Xou da Xuxa Seis () is the ninth studio album and the seventh in Portuguese by Brazilian singer and TV host Xuxa Meneghel, released on September 12, 1991 by Som Livre. This album was the sixth album in the "Xou da Xuxa" collection, which totals seven. In this album are included songs like "O Xou da Xuxa Começou", "Novo Planeta" and "Hoje é Dia de Folia". The album sold more than 1 million copies.

Production 
The studio album contains two re-recordings of international songs: "Não Basta", a version of "No Basta" by the Venezuelan singer and composer Franco De Vita and "Bom Dia", which was recorded years before by the country duo Chitãozinho and Xororó.

A great curiosity of the album, is that the song "Hoje é Dia de Folia", had its first chorus cut due to lack of space in the LP (being of the duration of 3:15), the integral version of the song, was only launched in the third official Brazilian compilation of Xuxa, the Pérolas (with the duration of 4:16).
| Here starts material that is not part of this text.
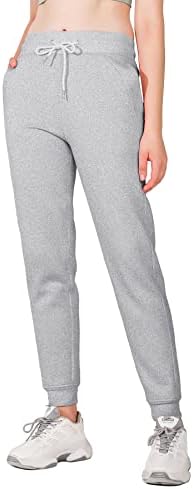 רצים מותניים גבוהים של MCEDAR לנשים מכנסי טרנינג תרמיים מרופדים בחורף עם כיסים אימון קטן מכנסי ריצה בסיסיים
Contrary to popular belief, Xou da Xuxa Seis chosen photos for the cover and back cover of Xuxa Seis are from the rehearsal for the studio album Xuxa 5 (1990). These same photos were even published in the international magazine Paula in October 1990.

So that the public did not confuse with its album in Spanish language Xuxa 2 that had been released shortly before and had the same cover, was inserted a Brazilian flag in the cover of Xuxa Seis.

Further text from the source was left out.